3.6 kg of micronized terbutaline sulfate is dried on a 200 mm stainless steel column at 90 ° C under reduced pressure for 23 hours. The dried substance is cooled to a temperature of about 30 ° C and the pressure is brought to normal value with nitrogen gas saturated with ethanol. To condition the substance, 70 ml / min of ethanol-saturated nitrogen gas was passed through a 200 mm diameter column for 60 hours. During this time, the column is reversed several times. The remaining solvent is removed by blowing nitrogen gas for 2 hours and a substance weighing approximately 3.5 kg is packaged in double plastic containers with a drying agent placed between the containers.

Example 2

In one experiment, 1 g of micronized salbutamol sulfate was kept at room temperature for 24 hours in a sealed vessel containing a beaker filled with ethanol. The sample is removed and stored with complete ambient drying overnight to avoid traces of ethanol. The sample is analyzed (see results above).

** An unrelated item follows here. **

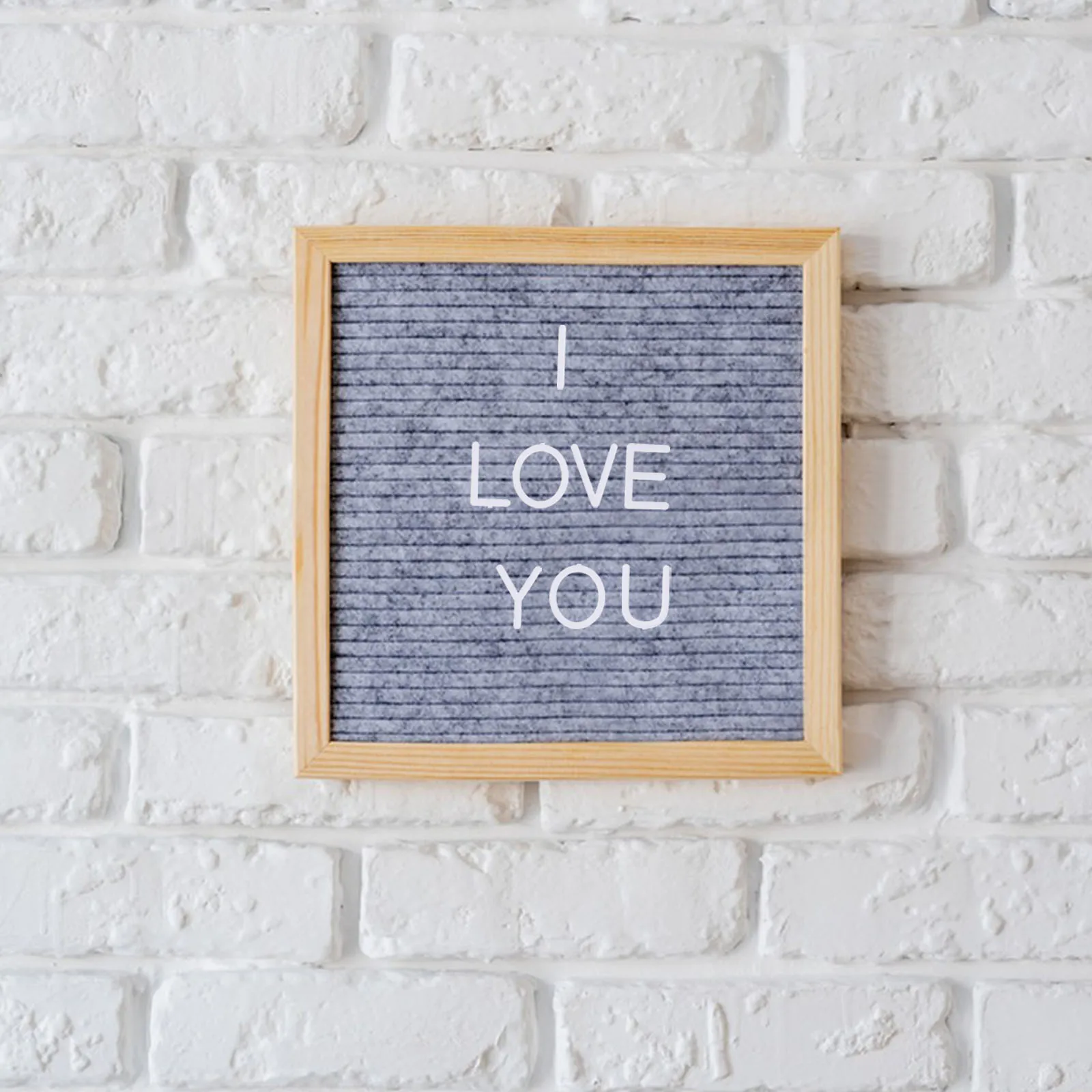 

2 Pcs Felt Letter Message Board Letters Changeable Characters Numbers and Symbols Bulletin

If conditioning is carried out on a large scale, mixing or inversion should be provided.

and

Example 3: l. g spray-dried amorphous lactose was treated as in Example 2. The time it was maintained in saturated ethanol vapors was 100 hours. To remove residual ethanol, the sample is subjected to calorimetric analysis (see test results above).

Claims (7)

L. A method of conditioning water-soluble substances which can be produced, stored and used, while maintaining the aerodynamic properties required for the inhalation of such substances, characterized in that: (a) reduce, if necessary, the residual water content of the micro-batten by agitation, optionally at elevated temperature and / or reduced pressure; b) conditioning the dried micronized substance with a solvent (c) eliminates residual solvent by storing the substance in a dry place such as under reduced pressure or by purging with inert gas. The process according to claim 1, characterized in that the solvent used in the conditioning step b) is ethanol, acetone or the like, preferably in the gas phase. 3. The process according to claim 2, wherein the solvent used in step b) is ethanol. Process according to any one of claims 1 to 3, characterized in that the conditioning step b) is carried out in an inert gas containing solvent vapors. The process according to any one of claims 1 to 4, characterized in that the inert gas used in step c) and optionally in step b) is nitrogen. Process according to any one of claims 1 to 5, characterized in that the substances are additives such as carbohydrates and amino acids. 7. The method of claim 6, wherein the carbohydrates are lactose, glucose, fructose, galactose, trehalose, sucrose, maltose, xylitol, mannitol, myositis, or the like, and the amino acids used are alanine. . betaine or the like. The method of claim 1, wherein the substances are therapeutic substances. - The method of claim 14, wherein the therapeutic agents are agents while acting. 8, characterized by an antistatic or antiallergic effect. The method of claim 1 with antistatic terbutaline sulfate, 8, characterized in that the salbutamol sulphate, phenoterol hydrobromide, bambuterol hydrochloride, terenadine and disodium chromoglycate are selected as an antiallergic effect.